Nearby corporate employment anchors provide a diversified white-collar base that supports renter demand and commute convenience, including Ascena Retail Group, Becton Dickinson, Prudential Financial, Toys "R" Us, and Sealed Air.
- Ascena Retail Group corporate offices (3.2 miles) HQ
- Becton Dickinson medical technology corporate offices (7.6 miles) HQ
- Prudential Financial financial services offices (10.5 miles)
- Toys "R" Us corporate offices (11.0 miles) HQ
- Sealed Air packaging corporate offices (15.2 miles) HQ
Built in 2007, the asset is newer than much of the local stock and should compare well to 1980s-era properties, with potential to command interest through contemporary layouts while still planning for targeted system updates as the building ages. The neighborhood shows durable incomes, strong amenity access, and a renter base sufficient for steady leasing; according to CRE market data from WDSuite, occupancy in the area trends around the national middle, suggesting disciplined underwriting and hands-on leasing will matter.
Within a 3-mile radius, population and household counts are growing, and home values signal a high-cost ownership market by national context conditions that typically reinforce reliance on multifamily housing.

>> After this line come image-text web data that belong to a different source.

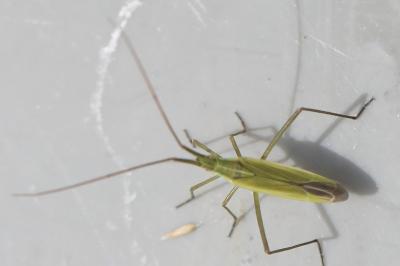 <i>Megaloceroea recticornis</i>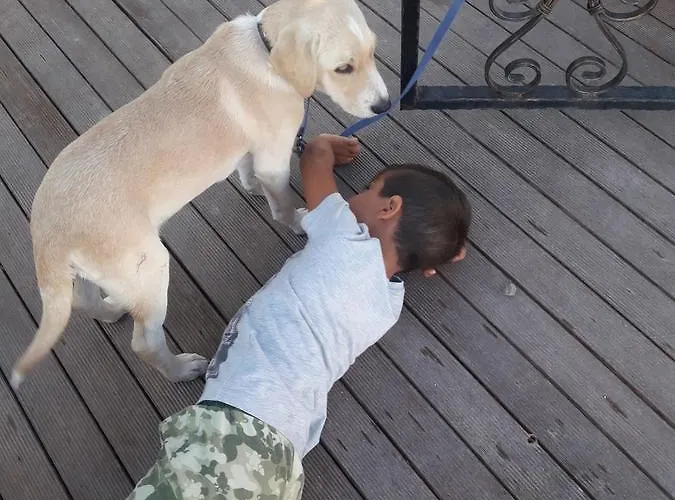 Beyaz Tas Butik Hotel 2*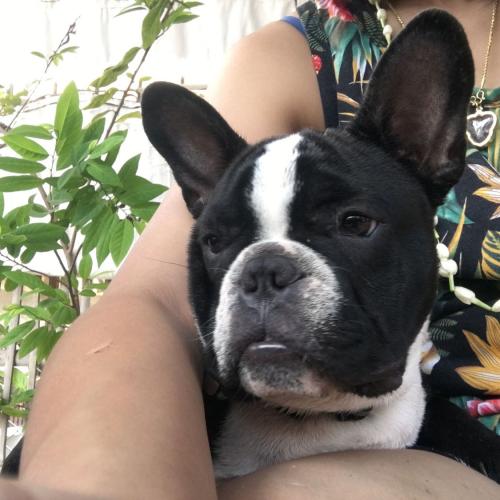 สมาชิกหมายเลข 3529634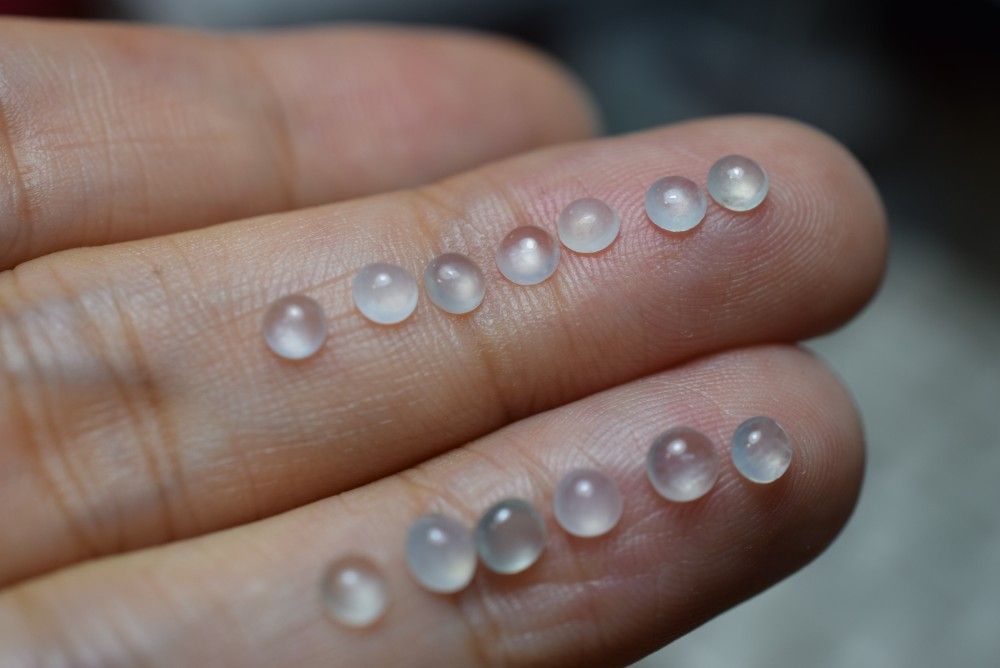 ミャンマー産 A貨 本翡翠 ルース ジェダイト R23-44 ミャンマー産 天然 A貨 本翡翠 ルース 硬玉 ジェダイト - メルカリ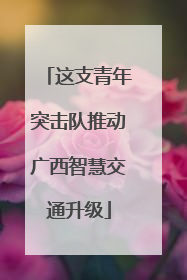 这支青年突击队推动广西智慧交通升级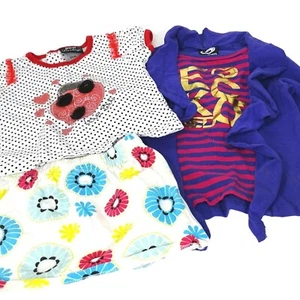 Lot of 3 Ecko & DDG Ladybug Shirt Top Fisher Price Skirt Girls Size 24 Month - Picture 1 of 8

At the same time, an owner-leaning outer ring and limited nearby park density call for thoughtful amenity programming and pricing to sustain absorption and retention.
- 2007 vintage positions the property competitively versus older nearby stock, with selective upgrades offering value-add potential.
- Inner-suburban location with strong household incomes and high national amenity percentiles supports stable renter demand.
- 3-mile population and household growth expand the tenant base, supporting occupancy stability over a multi-year hold.
- Elevated ownership costs nearby can sustain rental reliance, aiding lease retention and pricing discipline.
- Risks: mid-range neighborhood occupancy, an owner-heavy outer ring, and limited park density warrant careful lease management and amenity strategy.